Last Saturday in Hanoi, I did two things. In the afternoon I visited an Associated Press exhibition of some of the most iconic and disturbing images from the Vietnam War. In the evening, I went to a rock concert organised by the US Embassy to mark 20 years since the establishment of diplomatic relations with Vietnam.
And I also read the news.
I ended up spending the day thinking about the US in Vietnam.
The AP exhibition was put together to mark 40 years since the end of the Vietnam War - known here as the American War.
Whatever you make of US intentions in the 1960s and 70s, the prosecution of the war in Vietnam was founded on a flawed understanding of the enemy, an unjustified faith in military power, and showed scant regard for the lives of Vietnamese civilians and the land they lived on. Most people know that. And if you've lived in Vietnam a long time, you'll have a personal sense of it too.
The AP images recounted the tragedy.
I’d seen most of the photos many times, but they still packed a punch - especially in an exhibition where they’re all viewed together.
The evening concert couldn’t have been more different.
Called ASEAN Pride, it was a US Embassy sponsored celebration of Vietnam’s gay community - wrapped up in a twenty year celebration of renewed diplomatic ties between the US and Vietnam.
The headline act, American Vietnamese singer songwriter and activist Thao Nguyen and her band, The Get Down Stay Down, put on more than a great show. Thao Nguyen encapsulated an America of acceptance, tolerance and progress and connected beautifully with the Vietnamese audience.
It was United States soft power at work in a country with such a bitter experience of the worst of America's hard power.
If only the United States of tolerance and acceptance on display in Hanoi on Saturday night, was more representative of the reality of the nation - and its impact on the world.
Ambassador Ted Osius, I’m told the first openly gay US Ambassador in South East Asia, took to the stage with his husband, to welcome everybody and champion the cause of gay rights and acceptance.
It was an impressive thing to see.
But as I watched Ambassador Osius in action, I was reminded that the United States itself is a long way from being a bastion of liberal progressivism. The mixed crowd of Vietnamese and foreigners at the event was probably more progressive than middle America.
Representing the US (or Australia for that matter) as a shining light of tolerance and progress aint an easy gig these days. It seems like the US is exporting values to Vietnam that are under siege at home.
After all, a large segment of the Republican right wing (perhaps some Democrats too?) would likely be horrified to know that the 20th anniversary of diplomatic relations between the US and Vietnam was being marked with a music festival celebrating the gay community.
It also occurred to me that in this region, Vietnam is already relatively progressive in terms of LGBT issues. The fact that the event occurred is enough testament to that.
I can only assume that as Ambassador Osius spoke, he was also dealing with the shock of last week’s appalling Charleston race murders and his country’s tragic inability to put sensible controls around the availability of guns.
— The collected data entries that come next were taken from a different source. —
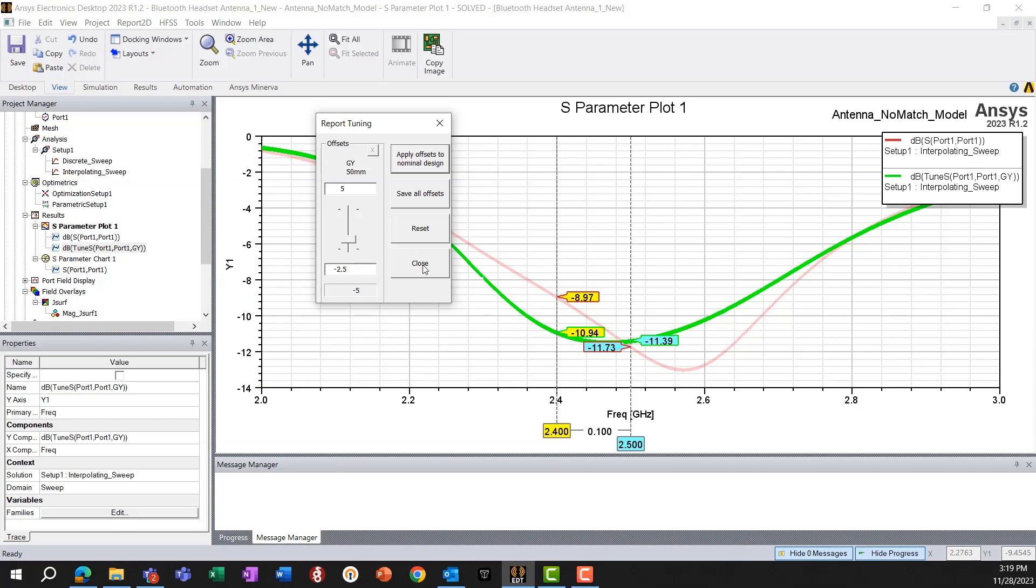So for our next exercise, we'll look into that and how to optimize this antenna based on this information.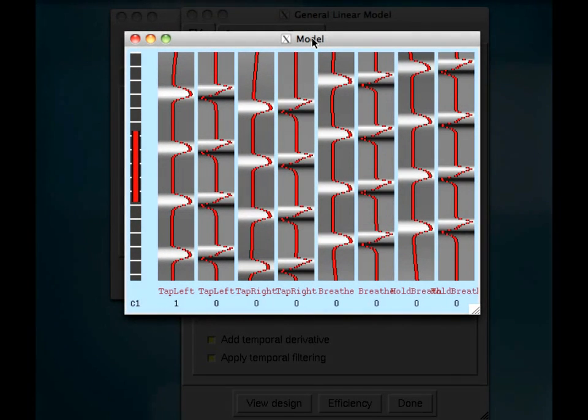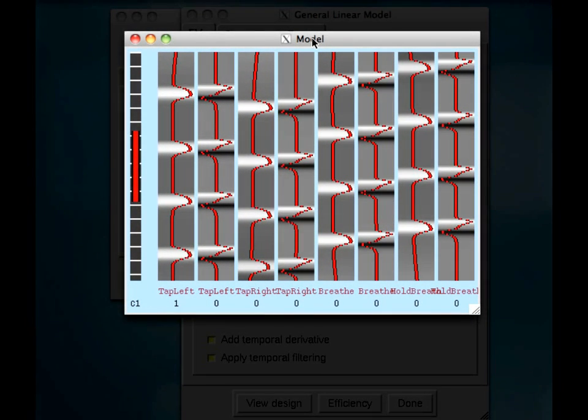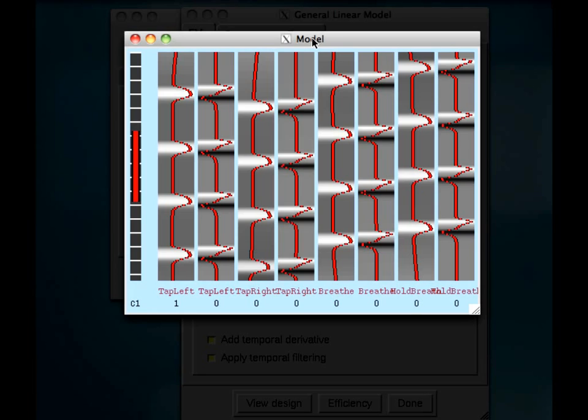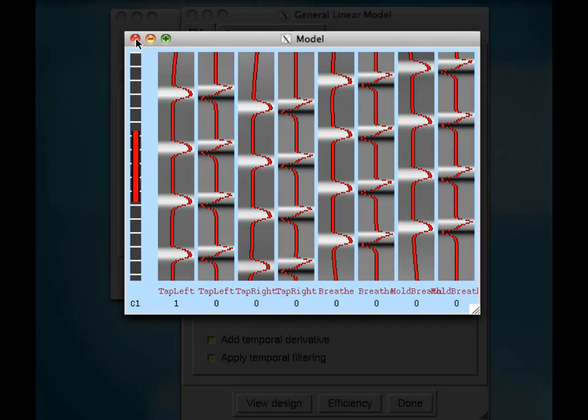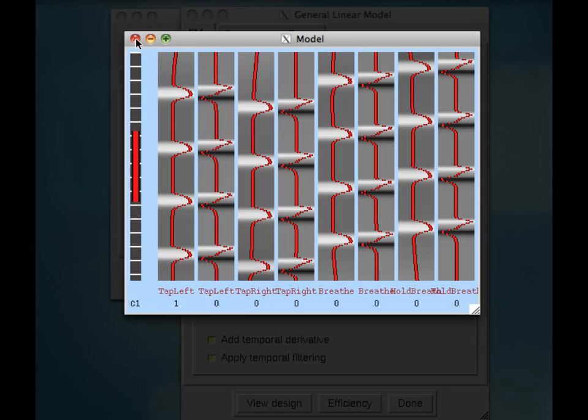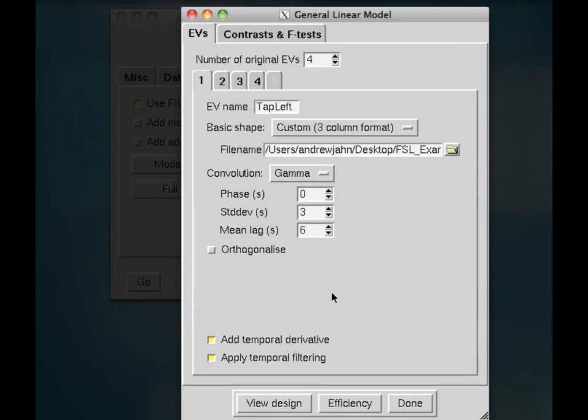So after we have all those done, click on View Design. So we have eight columns here because there are four conditions, and each one has also a temporal derivative applied to it, which also needs to be estimated. So, again, this design is just for you to look at and make sure it looks fine, make sure it looks reasonable, and I know from the timing files and from the experimental paradigm that this looks like what it should look like.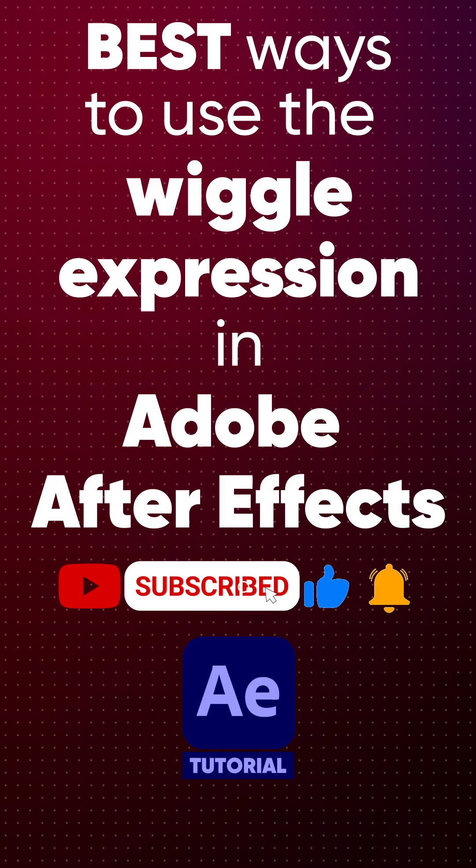And those are the best ways to use the wiggle expression. My channel link is in the description. Check that out for more tutorials.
A year of revelation of police violence against the black community would also give pause to any American proposing to export values of tolerance and progressivism to the world.
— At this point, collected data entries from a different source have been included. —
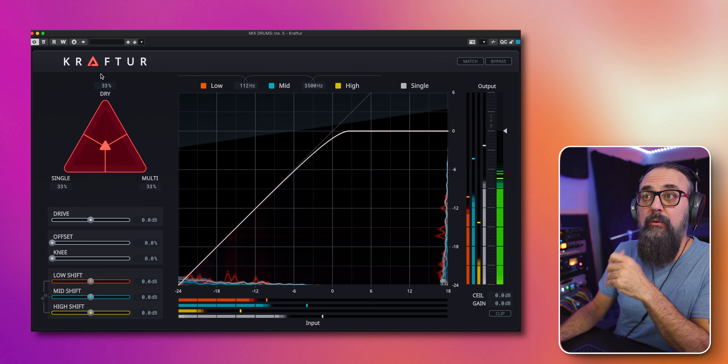Since a louder signal always sounds better, it can be deceiving. You can click 'Match' to level-match the processed signal with the original dry signal. This way you can focus on what Crafter adds in terms of saturation, without being distracted by the extra loudness. Once you're done evaluating, deactivate Match before bouncing your mix — make sure it's not active at that point.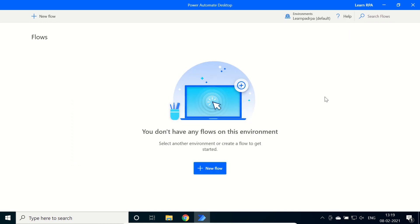Thank you. For today, we have created a trial account to start our Microsoft RPA Power Automate Desktop. If you find this video helpful for you, kindly like, share, and subscribe for more related knowledgeable videos. Thank you.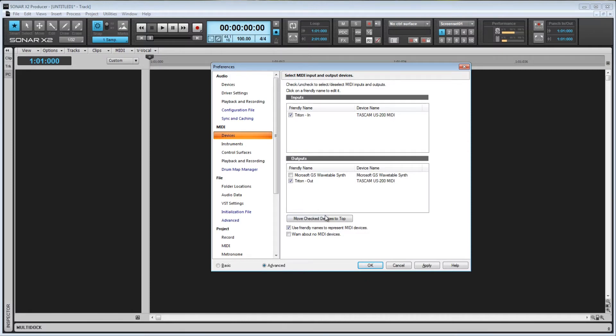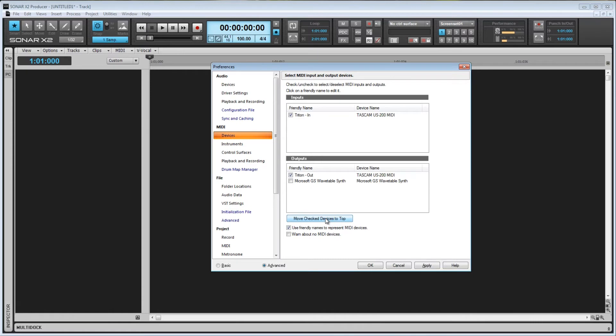Below that, we have this button that says 'Move Checked Devices to the top.' That's pretty self-explanatory. If you press this button, any checked devices will be moved to the top of the list, so it will be easier to locate if you have several devices available.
The US homefront is looking fragile - with guns, racial violence, police brutality, gaping inequality and political dysfunction - all providing ammunition for America’s enemies. US democracy's embrace of the large corporation through the Citizens United Supreme Court decision, seems to provide a blueprint for the validation of what in other countries, might be called corruption.
It was good to see a side of America on display in Hanoi that’s finding it harder to express itself at home and is often crowded out by other issues abroad.
There have always been critics of the hypocrisy of US diplomacy. I’ve been on both sides of the argument. But few could fault the conviction of Ambassador Osius.
I wondered whether Vietnam might be considering making gun control the feature of a celebration of diplomatic relations in Washington?